Required action
When you reach a picture, skip it, and retype every line below exactly.

Dataset content

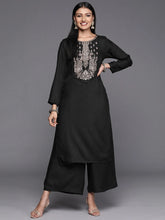 Black Embroidered Aari Work Pashmina Kurta With Palazzos-AHKUPZ-COMBO-633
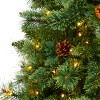 Nearly Natural 7-ft White Mountain Pine Artificial Christmas Tree with 400 Clear LED Lights and Pine Cones - 3 of 4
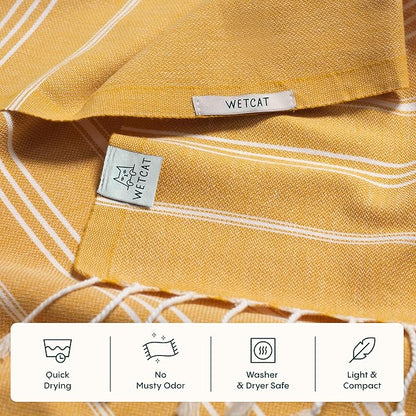 WETCAT Turkish Hand Towels with Hanging Loop, Set of 2 (20" x 30") 100% Turkish Cotton, Pre-Washed, Quick Drying, for Kitchen or Bathroom - Honey Gold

Result for this task
 Black Embroidered Aari Work Pashmina Kurta With Palazzos-AHKUPZ-COMBO-633
 Nearly Natural 7-ft White Mountain Pine Artificial Christmas Tree with 400 Clear LED Lights and Pine Cones - 3 of 4
 WETCAT Turkish Hand Towels with Hanging Loop, Set of 2 (20" x 30") 100% Turkish Cotton, Pre-Washed, Quick Drying, for Kitchen or Bathroom - Honey Gold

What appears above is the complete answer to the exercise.